Historical population
| Census | Pop. | Note | %± |
| 1960 | 13,134 |  | — |
| 1970 | 17,770 |  | 35.3% |
| 1980 | 16,759 |  | −5.7% |
| 1990 | 15,509 |  | −7.5% |
| 2000 | 15,724 |  | 1.4% |
| 2010 | 8,409 |  | −46.5% |
| 2020 | 9,004 |  | 7.1% |
Separated from the deleted Lansdowne-Baltimore Highlands CDP in the 2010 Census

===Racial and ethnic composition===

Lansdowne CDP, Maryland – Racial and ethnic composition Note: the US Census treats Hispanic/Latino as an ethnic category. This table excludes Latinos from the racial categories and assigns them to a separate category. Hispanics/Latinos may be of any race.
| Race / Ethnicity (NH = Non-Hispanic) | Pop 2010 | Pop 2020 | % 2010 | % 2020 |
|---|---|---|---|---|
| White alone (NH) | 5,340 | 4,094 | 63.50% | 45.47% |
| Black or African American alone (NH) | 2,004 | 2,098 | 23.83% | 23.30% |
| Native American or Alaska Native alone (NH) | 17 | 20 | 0.20% | 0.22% |
| Asian alone (NH) | 174 | 373 | 2.07% | 4.14% |
| Native Hawaiian or Pacific Islander alone (NH) | 0 | 4 | 0.00% | 0.04% |
| Other race alone (NH) | 6 | 69 | 0.07% | 0.77% |
| Mixed race or Multiracial (NH) | 218 | 476 | 2.59% | 5.29% |
| Hispanic or Latino (any race) | 650 | 1,870 | 7.73% | 20.77% |
| Total | 8,409 | 9,004 | 100.00% | 100.00% |

===2020 census===
As of the 2020 census, Lansdowne had a population of 9,004. The median age was 32.7 years. 29.0% of residents were under the age of 18 and 10.8% of residents were 65 years of age or older. For every 100 females there were 92.6 males, and for every 100 females age 18 and over there were 88.5 males age 18 and over.
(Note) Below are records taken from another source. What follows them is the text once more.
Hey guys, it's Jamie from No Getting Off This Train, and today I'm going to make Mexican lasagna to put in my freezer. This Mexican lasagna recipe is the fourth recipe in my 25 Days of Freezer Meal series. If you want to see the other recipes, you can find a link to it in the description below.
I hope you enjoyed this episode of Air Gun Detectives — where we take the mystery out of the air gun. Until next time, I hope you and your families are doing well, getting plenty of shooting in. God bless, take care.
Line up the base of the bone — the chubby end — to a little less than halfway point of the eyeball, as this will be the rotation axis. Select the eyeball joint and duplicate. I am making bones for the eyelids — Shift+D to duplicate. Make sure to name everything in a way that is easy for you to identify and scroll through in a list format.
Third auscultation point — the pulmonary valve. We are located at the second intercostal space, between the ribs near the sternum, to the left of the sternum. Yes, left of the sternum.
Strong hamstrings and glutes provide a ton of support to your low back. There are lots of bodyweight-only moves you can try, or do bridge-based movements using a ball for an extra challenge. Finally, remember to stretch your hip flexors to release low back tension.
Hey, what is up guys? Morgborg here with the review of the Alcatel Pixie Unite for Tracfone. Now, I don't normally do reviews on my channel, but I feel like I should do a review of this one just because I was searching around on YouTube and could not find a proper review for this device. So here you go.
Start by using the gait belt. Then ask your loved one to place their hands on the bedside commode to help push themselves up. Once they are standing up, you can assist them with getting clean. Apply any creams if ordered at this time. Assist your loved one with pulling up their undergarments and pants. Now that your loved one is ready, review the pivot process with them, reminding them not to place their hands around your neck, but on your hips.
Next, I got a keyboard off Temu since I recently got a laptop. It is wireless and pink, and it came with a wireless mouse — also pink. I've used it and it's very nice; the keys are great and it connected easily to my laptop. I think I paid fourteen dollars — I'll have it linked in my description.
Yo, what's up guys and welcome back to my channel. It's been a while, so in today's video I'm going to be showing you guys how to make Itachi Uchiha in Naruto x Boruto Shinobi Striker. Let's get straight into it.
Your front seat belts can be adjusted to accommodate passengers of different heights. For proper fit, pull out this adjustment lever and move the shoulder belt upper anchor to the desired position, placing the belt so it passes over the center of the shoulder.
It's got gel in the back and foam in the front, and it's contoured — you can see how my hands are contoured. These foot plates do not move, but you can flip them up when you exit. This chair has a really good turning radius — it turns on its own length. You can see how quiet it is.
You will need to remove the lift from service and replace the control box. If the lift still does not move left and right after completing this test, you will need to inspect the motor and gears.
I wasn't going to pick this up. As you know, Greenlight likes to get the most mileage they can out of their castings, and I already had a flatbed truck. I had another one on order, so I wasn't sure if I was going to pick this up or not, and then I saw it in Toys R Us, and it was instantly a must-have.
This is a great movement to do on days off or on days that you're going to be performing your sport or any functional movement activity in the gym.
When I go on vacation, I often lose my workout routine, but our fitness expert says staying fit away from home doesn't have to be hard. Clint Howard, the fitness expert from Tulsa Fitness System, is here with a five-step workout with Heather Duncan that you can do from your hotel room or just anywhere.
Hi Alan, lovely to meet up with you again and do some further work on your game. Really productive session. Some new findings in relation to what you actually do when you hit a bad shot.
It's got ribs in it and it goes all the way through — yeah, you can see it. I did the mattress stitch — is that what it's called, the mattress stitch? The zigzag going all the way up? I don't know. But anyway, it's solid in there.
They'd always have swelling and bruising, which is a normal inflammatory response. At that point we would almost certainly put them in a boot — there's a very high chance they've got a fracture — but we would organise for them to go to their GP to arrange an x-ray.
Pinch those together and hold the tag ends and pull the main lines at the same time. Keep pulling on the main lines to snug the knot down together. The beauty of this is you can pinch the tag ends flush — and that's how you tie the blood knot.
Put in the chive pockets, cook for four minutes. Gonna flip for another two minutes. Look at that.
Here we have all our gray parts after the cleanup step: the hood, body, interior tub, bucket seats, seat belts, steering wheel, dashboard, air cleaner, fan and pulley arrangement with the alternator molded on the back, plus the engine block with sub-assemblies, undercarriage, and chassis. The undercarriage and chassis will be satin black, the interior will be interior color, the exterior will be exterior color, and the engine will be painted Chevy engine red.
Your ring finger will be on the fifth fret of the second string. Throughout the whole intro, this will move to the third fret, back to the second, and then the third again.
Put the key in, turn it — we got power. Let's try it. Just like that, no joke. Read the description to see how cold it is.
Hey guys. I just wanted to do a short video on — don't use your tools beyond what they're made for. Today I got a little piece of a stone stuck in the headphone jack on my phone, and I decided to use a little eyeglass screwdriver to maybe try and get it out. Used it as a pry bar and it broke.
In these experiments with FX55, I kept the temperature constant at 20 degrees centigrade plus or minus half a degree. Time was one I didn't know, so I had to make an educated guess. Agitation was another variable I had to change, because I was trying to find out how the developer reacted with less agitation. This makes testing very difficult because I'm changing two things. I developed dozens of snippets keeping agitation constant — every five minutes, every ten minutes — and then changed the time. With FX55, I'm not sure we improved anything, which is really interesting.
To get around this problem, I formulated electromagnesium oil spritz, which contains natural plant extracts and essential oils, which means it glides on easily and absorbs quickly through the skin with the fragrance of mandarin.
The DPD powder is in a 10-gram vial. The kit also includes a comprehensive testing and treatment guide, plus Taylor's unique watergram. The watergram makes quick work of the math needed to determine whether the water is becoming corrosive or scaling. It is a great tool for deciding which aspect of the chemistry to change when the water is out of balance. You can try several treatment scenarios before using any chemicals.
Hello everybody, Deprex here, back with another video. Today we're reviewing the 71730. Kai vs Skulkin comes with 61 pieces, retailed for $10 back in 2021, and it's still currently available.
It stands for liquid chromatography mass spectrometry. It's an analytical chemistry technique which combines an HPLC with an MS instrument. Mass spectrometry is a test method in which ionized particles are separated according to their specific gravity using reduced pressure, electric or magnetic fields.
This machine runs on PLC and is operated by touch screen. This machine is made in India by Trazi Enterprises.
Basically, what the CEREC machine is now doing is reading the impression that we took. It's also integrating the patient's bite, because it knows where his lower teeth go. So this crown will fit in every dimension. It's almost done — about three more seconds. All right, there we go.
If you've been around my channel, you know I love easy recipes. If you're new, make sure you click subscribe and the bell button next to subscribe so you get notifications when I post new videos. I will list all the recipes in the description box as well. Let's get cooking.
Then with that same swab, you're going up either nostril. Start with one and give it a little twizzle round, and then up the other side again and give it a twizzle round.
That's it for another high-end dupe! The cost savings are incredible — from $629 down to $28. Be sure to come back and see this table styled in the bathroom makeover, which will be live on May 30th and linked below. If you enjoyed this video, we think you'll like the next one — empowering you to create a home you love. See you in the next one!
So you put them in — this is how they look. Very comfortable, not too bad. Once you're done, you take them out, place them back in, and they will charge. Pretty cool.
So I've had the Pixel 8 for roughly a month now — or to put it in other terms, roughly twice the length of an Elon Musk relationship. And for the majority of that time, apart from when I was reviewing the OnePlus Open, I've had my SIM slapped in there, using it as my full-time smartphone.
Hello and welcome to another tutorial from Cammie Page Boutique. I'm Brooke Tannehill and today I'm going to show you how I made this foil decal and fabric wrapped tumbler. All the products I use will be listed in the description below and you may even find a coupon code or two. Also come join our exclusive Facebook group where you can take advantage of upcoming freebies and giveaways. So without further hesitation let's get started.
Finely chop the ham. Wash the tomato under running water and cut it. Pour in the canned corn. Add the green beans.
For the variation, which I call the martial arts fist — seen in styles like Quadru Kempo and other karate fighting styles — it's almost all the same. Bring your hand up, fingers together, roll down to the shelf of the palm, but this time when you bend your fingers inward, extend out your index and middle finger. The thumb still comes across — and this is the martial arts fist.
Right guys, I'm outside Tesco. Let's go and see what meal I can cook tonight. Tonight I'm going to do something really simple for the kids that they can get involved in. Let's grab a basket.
100.0% of residents lived in urban areas, while 0.0% lived in rural areas.

There were 3,131 households in Lansdowne, of which 41.4% had children under the age of 18 living in them. Of all households, 35.1% were married-couple households, 17.9% were households with a male householder and no spouse or partner present, and 36.5% were households with a female householder and no spouse or partner present. About 25.2% of all households were made up of individuals and 9.7% had someone living alone who was 65 years of age or older.

There were 3,350 housing units, of which 6.5% were vacant. The homeowner vacancy rate was 2.4% and the rental vacancy rate was 7.0%.

===2010 census===
As of the 2010 census, there were 8,409 people, 3,057 households, and 2,132 families residing in the CDP. The population density was 3,513 PD/sqmi. There were 3,255 housing units, at an average density of 1,415.2 /sqmi. The racial makeup of the CDP was 67.0% White, 23.9% African American, 0.2% Native American, 2.1% Asian, 0.0% Pacific Islander, 3.7 some other race, and 3.0% from two or more races. Hispanic or Latino of any race were 7.7% of the population.

There were 3,057 households, out of which 35.0% had children under the age of 18 living with them, 34.1% were headed by married couples living together, 28.3% had a female householder with no husband present, and 30.3% were non-families. 23.6% of all households were made up of individuals, and 10.1% had someone living alone who was 65 years of age or older. The average household size was 2.75, and the average family size was 3.21.

In the CDP, the population was spread out, with 28.6% under the age of 18, 10.9% from 18 to 24, 27.7% from 25 to 44, 21.9% from 45 to 64, and 11.0% who were 65 years of age or older. The median age was 30.8 years. For every 100 females, there were 87.3 males. For every 100 females age 18 and over, there were 82.4 males.